====== Data to examine

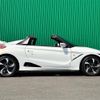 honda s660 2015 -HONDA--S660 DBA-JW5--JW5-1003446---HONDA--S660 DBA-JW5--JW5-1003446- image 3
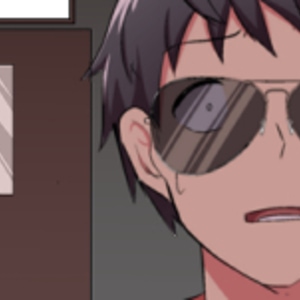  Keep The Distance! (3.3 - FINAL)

============
====== Data to examine

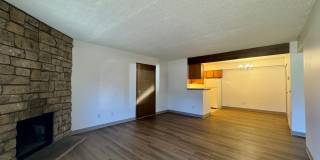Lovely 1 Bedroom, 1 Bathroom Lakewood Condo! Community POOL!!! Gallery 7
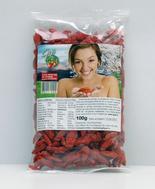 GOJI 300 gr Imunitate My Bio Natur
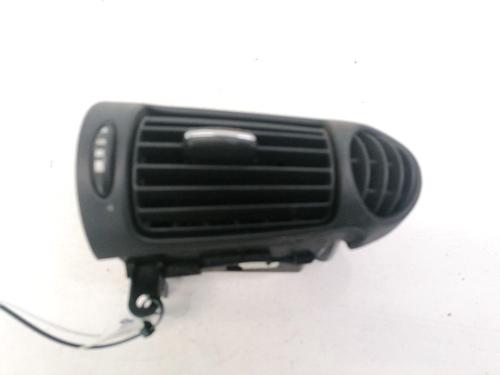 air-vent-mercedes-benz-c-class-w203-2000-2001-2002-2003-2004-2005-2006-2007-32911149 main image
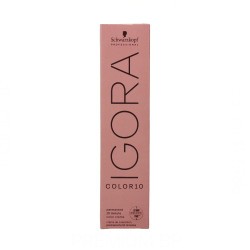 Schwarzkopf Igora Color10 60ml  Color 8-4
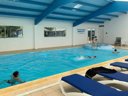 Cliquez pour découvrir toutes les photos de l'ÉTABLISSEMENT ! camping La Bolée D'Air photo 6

============
====== Data to examine

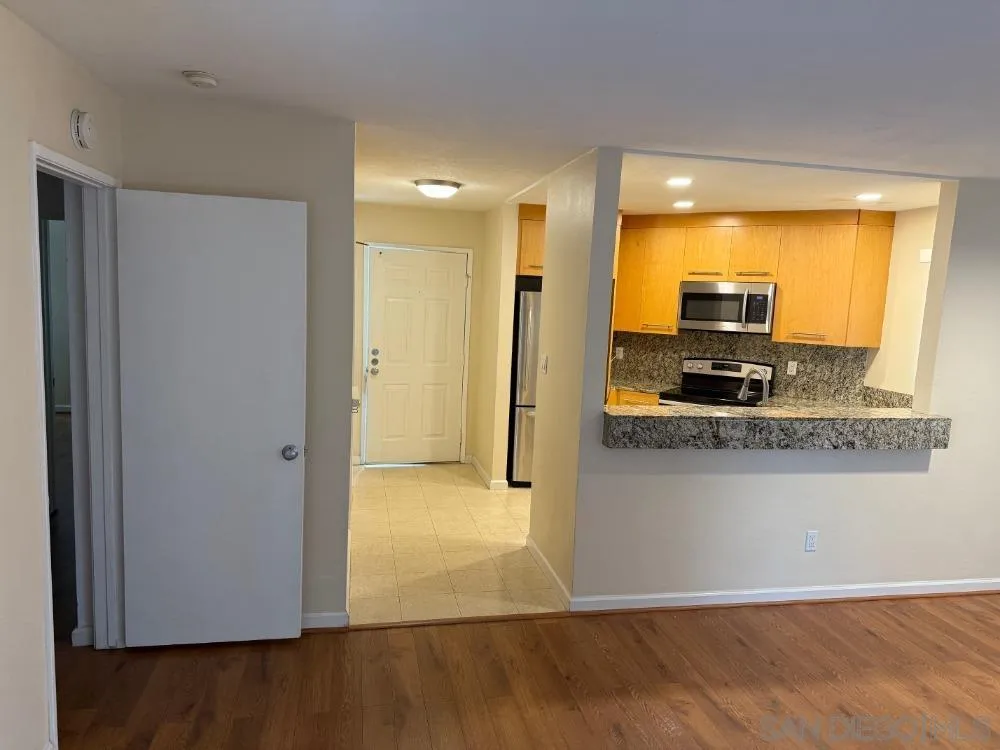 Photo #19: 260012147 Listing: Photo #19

============

What is needed
Return exactly the lines above, from the one with "honda s660 2015" up to and including the one with "Keep The Distance! (3.3 - FINAL)", and include no pictures.

Task response
 honda s660 2015 -HONDA--S660 DBA-JW5--JW5-1003446---HONDA--S660 DBA-JW5--JW5-1003446- image 3
  Keep The Distance! (3.3 - FINAL)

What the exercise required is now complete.